On the Pacific Ocean all the foreign vessels are formed into combines and conferences, the same as they are on the Atlantic. All agree on freight rates. There is absolutely no competition. All of them give rebates and other advantages to their patrons. The Japanese, English, and German lines are the principal lines in the conference on this ocean. The Japanese lines seem to largely control this conference on the Pacific, as the German lines control the conferences on the Atlantic.

However, evidence of the details of the workings of those lines is not very complete. The investigation to which I have referred does not cover these lines so thoroughly. These conferences on the Pacific control shipping of all ports on that ocean, including the Philippines.

The American ships on the Pacific Ocean in the transoceanic trade are probably parties to these Pacific conferences.
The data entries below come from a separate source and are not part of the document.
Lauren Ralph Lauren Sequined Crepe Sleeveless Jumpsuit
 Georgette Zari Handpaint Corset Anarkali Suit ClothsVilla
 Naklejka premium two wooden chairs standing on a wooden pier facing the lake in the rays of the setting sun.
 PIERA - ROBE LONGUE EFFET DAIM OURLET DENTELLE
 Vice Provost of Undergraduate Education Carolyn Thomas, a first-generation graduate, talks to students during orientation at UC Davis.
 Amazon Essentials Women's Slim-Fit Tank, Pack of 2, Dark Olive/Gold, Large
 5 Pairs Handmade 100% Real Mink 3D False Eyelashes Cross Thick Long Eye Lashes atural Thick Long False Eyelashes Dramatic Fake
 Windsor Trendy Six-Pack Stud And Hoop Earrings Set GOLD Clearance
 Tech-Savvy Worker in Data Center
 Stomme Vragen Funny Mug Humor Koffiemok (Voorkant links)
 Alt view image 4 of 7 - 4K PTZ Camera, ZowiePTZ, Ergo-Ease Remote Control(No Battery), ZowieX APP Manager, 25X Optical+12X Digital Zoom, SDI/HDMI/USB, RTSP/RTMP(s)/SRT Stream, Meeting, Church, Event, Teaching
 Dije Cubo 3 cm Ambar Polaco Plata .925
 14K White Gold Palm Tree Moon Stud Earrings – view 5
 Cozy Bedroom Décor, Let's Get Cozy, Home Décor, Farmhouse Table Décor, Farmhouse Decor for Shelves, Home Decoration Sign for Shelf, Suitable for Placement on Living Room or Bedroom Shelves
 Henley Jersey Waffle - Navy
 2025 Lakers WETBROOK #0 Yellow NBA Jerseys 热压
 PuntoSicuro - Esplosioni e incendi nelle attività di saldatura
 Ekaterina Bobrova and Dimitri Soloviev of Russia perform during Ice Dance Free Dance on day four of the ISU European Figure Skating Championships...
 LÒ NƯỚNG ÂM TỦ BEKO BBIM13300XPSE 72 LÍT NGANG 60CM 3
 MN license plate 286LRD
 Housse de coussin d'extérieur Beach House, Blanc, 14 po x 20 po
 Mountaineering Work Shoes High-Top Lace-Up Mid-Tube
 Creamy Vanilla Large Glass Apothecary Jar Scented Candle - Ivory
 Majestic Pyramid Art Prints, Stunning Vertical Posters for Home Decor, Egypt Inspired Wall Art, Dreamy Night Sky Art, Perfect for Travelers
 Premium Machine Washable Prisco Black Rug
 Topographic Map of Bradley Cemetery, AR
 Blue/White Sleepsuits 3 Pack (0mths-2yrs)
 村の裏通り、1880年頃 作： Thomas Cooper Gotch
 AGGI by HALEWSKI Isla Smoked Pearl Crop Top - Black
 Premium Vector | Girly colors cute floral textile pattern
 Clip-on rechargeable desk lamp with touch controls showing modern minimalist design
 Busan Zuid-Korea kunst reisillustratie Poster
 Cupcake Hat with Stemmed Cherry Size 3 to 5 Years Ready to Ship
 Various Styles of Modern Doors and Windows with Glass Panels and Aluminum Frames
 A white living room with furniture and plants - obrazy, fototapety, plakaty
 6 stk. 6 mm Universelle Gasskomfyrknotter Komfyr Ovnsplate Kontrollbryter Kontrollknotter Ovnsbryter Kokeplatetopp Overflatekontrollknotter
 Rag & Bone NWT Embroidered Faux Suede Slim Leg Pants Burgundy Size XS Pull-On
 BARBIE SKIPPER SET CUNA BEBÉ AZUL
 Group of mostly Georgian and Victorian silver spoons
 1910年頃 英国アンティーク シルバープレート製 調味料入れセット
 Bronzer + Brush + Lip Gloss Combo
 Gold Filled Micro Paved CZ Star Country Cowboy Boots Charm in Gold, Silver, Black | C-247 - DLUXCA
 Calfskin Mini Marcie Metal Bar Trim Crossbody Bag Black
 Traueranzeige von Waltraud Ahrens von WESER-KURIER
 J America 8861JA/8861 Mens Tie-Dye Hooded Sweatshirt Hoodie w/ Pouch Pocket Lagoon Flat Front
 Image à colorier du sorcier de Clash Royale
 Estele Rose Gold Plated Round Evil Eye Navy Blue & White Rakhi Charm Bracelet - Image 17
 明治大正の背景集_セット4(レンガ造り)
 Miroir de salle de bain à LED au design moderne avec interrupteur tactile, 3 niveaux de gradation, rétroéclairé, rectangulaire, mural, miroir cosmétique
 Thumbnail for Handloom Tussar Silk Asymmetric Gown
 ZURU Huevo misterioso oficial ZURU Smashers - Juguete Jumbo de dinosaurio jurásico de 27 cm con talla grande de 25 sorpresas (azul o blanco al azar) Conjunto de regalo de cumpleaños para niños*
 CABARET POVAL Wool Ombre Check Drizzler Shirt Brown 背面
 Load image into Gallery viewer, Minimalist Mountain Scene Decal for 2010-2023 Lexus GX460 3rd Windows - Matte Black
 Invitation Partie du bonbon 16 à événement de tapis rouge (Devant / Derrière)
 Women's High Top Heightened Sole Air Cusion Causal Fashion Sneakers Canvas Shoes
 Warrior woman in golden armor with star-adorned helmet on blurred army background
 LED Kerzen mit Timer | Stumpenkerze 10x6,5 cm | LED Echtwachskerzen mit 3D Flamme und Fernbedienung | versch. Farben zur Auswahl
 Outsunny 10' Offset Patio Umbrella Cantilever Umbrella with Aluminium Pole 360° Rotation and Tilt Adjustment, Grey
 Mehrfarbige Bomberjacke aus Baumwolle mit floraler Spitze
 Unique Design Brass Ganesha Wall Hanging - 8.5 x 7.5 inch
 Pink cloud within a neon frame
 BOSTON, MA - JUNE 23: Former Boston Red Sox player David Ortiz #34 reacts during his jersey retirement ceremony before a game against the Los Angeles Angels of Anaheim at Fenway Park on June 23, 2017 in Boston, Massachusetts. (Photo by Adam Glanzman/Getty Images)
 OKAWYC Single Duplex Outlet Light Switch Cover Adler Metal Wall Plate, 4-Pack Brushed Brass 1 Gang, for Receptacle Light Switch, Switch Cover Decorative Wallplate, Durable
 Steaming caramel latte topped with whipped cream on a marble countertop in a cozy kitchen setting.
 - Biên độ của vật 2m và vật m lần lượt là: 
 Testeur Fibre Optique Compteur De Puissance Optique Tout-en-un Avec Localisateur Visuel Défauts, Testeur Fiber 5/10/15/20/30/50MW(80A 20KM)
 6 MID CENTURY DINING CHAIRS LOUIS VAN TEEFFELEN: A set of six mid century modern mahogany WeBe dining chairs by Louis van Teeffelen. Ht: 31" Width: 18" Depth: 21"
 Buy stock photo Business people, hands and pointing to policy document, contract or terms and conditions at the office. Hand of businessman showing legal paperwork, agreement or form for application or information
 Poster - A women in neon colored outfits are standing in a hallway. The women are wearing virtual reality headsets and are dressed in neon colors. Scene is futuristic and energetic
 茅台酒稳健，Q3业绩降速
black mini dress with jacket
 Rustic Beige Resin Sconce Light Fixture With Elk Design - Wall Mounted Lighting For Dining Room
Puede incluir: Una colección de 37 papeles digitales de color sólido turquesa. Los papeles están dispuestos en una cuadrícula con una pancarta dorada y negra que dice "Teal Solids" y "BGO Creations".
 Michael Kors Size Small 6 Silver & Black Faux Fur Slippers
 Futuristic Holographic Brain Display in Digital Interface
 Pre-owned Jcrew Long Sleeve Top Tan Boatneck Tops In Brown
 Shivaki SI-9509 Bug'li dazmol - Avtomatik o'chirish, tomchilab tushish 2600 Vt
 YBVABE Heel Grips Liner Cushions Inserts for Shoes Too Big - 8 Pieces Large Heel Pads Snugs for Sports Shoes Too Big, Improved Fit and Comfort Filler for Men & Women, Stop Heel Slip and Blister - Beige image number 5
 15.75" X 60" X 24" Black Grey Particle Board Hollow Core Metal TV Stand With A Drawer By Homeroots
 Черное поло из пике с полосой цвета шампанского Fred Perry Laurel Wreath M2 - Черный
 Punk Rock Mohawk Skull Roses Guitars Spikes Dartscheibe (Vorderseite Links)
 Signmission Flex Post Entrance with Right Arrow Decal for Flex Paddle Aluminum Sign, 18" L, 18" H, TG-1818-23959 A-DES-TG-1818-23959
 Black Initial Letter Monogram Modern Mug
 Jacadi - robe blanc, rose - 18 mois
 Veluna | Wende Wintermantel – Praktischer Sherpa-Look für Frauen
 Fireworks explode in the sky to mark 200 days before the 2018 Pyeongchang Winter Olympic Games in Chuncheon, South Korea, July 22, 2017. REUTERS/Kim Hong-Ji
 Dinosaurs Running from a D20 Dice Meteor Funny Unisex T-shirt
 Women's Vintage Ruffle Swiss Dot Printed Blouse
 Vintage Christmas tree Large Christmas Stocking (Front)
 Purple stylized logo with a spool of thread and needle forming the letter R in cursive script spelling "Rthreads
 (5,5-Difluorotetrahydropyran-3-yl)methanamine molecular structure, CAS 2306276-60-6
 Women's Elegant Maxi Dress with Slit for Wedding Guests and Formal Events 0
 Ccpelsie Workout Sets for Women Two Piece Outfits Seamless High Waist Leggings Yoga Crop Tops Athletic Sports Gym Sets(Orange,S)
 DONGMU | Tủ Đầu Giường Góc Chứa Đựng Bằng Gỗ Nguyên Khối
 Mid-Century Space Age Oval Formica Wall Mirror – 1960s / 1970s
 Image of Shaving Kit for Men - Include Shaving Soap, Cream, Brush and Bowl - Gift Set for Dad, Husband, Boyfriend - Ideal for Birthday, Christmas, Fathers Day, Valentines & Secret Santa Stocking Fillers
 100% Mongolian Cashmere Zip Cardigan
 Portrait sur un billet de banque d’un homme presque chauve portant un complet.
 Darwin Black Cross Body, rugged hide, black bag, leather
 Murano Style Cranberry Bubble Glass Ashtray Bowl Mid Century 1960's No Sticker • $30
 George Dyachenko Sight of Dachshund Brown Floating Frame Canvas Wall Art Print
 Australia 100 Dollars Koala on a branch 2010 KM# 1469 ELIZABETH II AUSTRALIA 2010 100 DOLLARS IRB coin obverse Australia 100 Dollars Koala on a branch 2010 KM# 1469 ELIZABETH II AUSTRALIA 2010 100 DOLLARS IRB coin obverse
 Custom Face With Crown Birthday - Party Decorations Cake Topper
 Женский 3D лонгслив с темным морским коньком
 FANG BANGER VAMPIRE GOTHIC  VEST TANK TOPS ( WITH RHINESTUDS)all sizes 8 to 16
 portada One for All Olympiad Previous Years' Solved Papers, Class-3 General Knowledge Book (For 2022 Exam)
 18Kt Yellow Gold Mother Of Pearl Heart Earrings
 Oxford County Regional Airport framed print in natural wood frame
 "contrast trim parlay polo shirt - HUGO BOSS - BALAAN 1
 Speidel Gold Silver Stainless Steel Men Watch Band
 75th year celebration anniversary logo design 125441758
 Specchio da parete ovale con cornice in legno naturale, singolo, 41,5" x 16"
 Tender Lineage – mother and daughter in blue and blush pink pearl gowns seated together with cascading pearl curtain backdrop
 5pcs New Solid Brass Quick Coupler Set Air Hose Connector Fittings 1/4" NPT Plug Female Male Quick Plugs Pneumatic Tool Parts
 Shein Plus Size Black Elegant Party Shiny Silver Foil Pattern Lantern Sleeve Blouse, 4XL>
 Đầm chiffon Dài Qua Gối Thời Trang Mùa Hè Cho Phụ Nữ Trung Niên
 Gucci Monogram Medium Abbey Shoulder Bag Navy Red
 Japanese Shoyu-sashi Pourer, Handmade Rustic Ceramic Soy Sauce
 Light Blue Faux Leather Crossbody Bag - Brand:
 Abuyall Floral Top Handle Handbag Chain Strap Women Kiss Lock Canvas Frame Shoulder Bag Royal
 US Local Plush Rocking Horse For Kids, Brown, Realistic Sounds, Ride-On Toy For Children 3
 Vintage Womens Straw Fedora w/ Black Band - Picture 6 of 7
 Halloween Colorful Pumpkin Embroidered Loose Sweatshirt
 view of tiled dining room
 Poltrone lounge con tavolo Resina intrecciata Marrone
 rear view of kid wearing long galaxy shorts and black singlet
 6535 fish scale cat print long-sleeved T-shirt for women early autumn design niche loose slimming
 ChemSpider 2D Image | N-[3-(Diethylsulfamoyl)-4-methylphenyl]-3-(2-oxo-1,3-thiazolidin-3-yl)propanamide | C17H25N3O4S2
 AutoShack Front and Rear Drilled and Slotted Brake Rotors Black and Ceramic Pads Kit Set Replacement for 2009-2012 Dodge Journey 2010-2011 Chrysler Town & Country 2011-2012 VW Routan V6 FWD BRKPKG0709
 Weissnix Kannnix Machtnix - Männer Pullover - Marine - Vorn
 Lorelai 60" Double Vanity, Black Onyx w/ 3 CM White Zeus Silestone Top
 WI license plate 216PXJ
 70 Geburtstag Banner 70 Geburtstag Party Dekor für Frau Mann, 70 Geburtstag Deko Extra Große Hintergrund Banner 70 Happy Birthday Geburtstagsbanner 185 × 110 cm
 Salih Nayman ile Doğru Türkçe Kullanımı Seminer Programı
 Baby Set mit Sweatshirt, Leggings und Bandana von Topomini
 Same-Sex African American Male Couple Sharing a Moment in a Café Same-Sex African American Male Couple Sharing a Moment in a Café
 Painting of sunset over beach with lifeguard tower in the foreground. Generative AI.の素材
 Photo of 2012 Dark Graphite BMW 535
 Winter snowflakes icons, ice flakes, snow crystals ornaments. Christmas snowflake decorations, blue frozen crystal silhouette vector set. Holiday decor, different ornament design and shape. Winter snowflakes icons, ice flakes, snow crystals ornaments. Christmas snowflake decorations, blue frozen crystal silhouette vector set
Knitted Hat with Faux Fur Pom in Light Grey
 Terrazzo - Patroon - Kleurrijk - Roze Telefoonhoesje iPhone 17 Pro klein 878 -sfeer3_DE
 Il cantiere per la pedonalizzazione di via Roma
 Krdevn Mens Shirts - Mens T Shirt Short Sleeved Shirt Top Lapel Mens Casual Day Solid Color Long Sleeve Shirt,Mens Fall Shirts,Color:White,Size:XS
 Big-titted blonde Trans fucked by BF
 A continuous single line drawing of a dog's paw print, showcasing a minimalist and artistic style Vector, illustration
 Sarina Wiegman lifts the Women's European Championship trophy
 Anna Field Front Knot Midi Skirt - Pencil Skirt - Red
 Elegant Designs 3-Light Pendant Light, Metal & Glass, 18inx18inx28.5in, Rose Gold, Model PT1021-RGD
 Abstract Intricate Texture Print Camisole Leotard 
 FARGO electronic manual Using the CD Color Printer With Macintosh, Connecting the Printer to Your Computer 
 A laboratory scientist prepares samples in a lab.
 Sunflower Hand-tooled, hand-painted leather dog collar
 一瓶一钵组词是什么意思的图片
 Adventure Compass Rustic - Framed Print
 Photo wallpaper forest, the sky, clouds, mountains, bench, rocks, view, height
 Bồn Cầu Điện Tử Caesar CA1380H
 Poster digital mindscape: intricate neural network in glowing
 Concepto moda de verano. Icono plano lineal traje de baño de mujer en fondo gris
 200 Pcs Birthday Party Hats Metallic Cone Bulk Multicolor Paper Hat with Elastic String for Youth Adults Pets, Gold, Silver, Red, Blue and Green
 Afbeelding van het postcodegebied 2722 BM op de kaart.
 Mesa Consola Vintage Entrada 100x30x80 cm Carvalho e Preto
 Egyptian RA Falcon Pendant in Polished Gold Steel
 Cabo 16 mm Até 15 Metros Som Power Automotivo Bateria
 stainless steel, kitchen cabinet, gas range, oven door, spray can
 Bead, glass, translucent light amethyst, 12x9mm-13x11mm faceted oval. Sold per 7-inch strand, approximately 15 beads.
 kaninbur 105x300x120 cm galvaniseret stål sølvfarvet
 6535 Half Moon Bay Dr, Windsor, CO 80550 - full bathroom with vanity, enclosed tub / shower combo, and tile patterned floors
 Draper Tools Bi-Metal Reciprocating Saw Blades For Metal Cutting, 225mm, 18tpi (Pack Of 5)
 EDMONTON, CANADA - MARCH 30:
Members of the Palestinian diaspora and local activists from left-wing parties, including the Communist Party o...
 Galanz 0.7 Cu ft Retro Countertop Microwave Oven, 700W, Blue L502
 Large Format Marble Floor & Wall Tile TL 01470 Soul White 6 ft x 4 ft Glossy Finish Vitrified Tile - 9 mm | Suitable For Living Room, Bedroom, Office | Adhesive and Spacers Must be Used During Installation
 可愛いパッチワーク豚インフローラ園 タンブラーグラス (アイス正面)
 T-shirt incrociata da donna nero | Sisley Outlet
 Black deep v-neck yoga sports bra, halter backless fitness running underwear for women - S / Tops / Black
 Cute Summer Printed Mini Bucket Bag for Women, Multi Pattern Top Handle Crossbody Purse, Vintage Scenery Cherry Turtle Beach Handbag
Not only do these conferences control rates on the Pacific Ocean and give rebates, but, by a contract between the transcontinental railways of this country and these conferences, controlled by Japanese lines, these Japanese lines fix the freight rates not only on the Pacific Ocean, but in the United States on the railways. Japanese foreign steamship lines to-day absolutely dictate the freight rates from any portion of the United States to and from Pacific ports anywhere on that ocean. These contracts have been made with the great transcontinental railway lines and extend over a period of years. The Great Northern, the Northern Pacific, the Milwaukee, and other lines running to Seattle have traffic agreements of this character with the Japanese lines that come to that port. The railroad lines running into San Francisco have siimlar arrangements with Japanese lines running to that port.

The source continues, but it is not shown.